Une même maladie, deux localisations différentes, deux tableaux cliniques différents :
La
Syphilis est une maladie infectieuse d’évolution
prolongée due à Treponema pallidum
transmise par contact vénérien (Maladie sexuellement transmissible = MST). A
l’accident initial cutanéomuqueux avec chancre (ulcérations) et adénopathies
(ganglions) de la forme primaire fait suite une période de diffusion de la
maladie dite secondaire. Elle intéresse surtout la peau et les muqueuses. Si
la maladie n’a pas été traitée efficacement, c’était le cas à l’époque, elle peut donner après un silence clinique
variable, une à plusieurs années, des atteintes viscérales frappant surtout le cœur, les vaisseaux et le
système nerveux définissant la forme tertiaire de la maladie ou Neurosyphilis.
La syphilis nerveuse (Neurosyphilis) en
est l’aspect le plus redoutable. Elle se présente sous deux formes anatomocliniques. Elle peut être liée à
une atteinte cérébrale (méningo-encéphalite évoluant vers la démence)

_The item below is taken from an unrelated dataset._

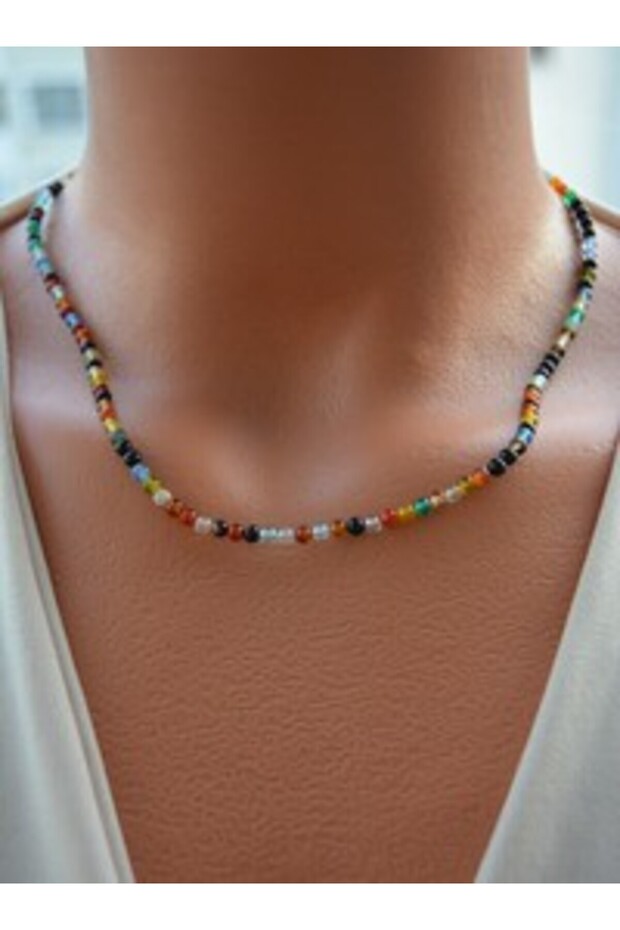 Jade Necklace - Multi-Colored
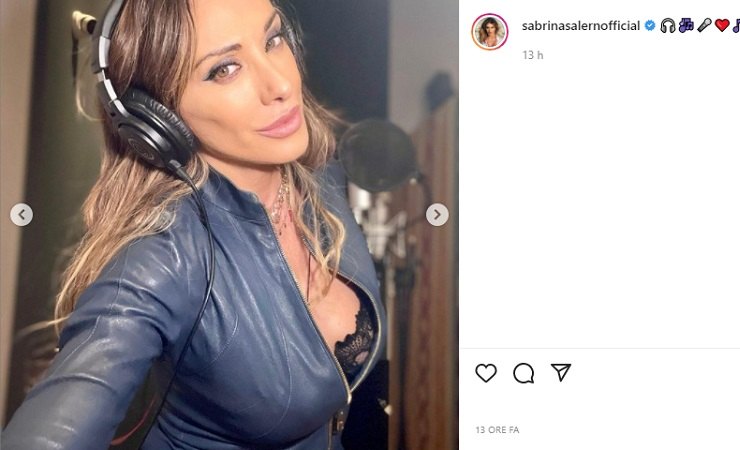 Sabrina Salerno sensuale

appelée Paralysie générale ou une atteinte spinale (atteignant
les cordons postérieurs de la moelle et donc la sensibilité des organes) à
l’origine d’une ataxie locomotrice (Edouard Manet) accompagnée de
douleurs invalidantes appelée Tabès (Alphonse Daudet).

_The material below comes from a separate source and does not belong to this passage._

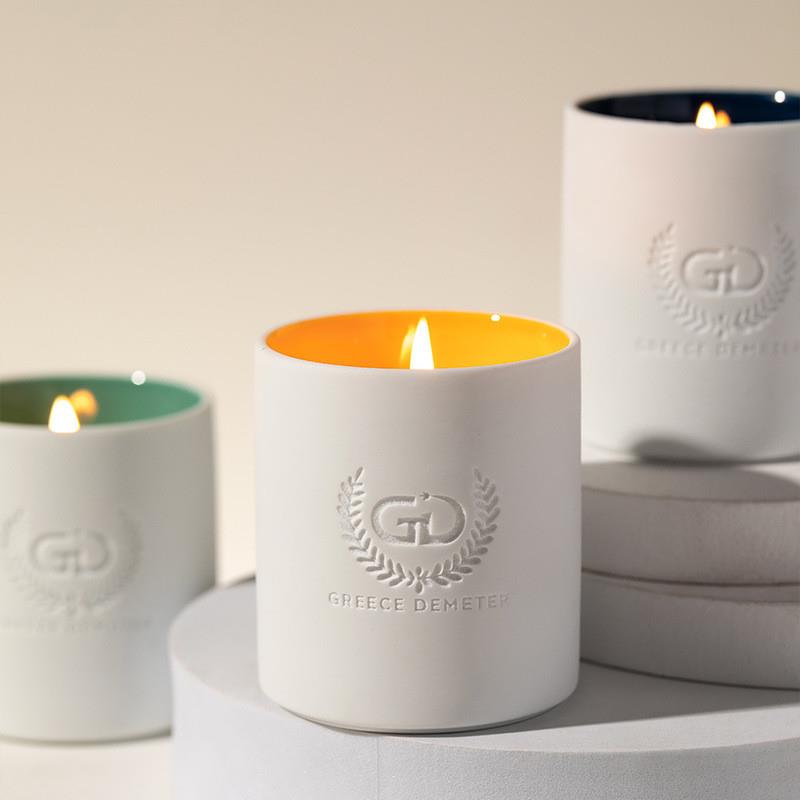 Creative Ceramic Candle Customised Acupuncture Gifts for Bir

Dans l’histoire de la syphilis, qui ne
choisit pas sa cible, nombre de personnes illustres ont été atteintes. Parmi
celles qui ont présenté une Syphilis nerveuse médullaire (Tabès) nous
avons choisi de parler de deux cas celui du peintre Henri de Toulouse Lautrec et de l' écrivain Alphonse Daudet. Tous les
deux avaient une atteinte spinale, mais à des niveaux anatomiques différents
impliquant à côté de troubles communs au Tabès, une clinique spécifique.
La maladie étant sexuellement transmissible, la recherche de la contamination était primordiale pour son diagnostic à une époque où la confirmation bactériologique et/ou immunologique n’existait pas. L’étude du comportement sexuel de l’intéressé était donc fondamentale.
Toulouse Lautrec
« Quand
je pense que je n'aurais jamais été peintre si mes jambes avaient été un peu
plus longues »
disait Toulouse Lautrec. Il n’aurait peut-être pas été syphilitique tant on sait que c’est son physique (sa petite taille) qui l’avait conduit à vivre parmi les prostituées.

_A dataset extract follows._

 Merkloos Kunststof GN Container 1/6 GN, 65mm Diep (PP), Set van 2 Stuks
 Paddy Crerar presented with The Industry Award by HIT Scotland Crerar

Henri de Toulouse Lautrec |
Henri
de Toulouse Lautrec (1864-1901) était surnommé au
collège « le petit bonhomme » car
suite à une série de fractures des membres inférieurs (fémur) survenues dans
son enfance, il avait cessé de grandir. Il avait une maladie génétique rare une
«pycnodysostose » s’accompagnant de dysmorphie cranio-faciale et
des extrémités: nez volumineux renflé à son bout et petit maxillaire inférieur.
Ses mains étaient courtes et trapues avec des doigts raccourcis et boudinés. Si
Toulouse Lautrec avait une maladie
rarissime, il allait par contre contracter une maladie fréquente en ce milieu
du XIX e siècle la syphilis.
Toulouse Lautrec quittait Albi pour Paris
après avoir échoué au baccalauréat. Son but était de « devenir artiste ». Il
s’installait à Montmartre, fréquentait le Moulin Rouge et les maisons closes.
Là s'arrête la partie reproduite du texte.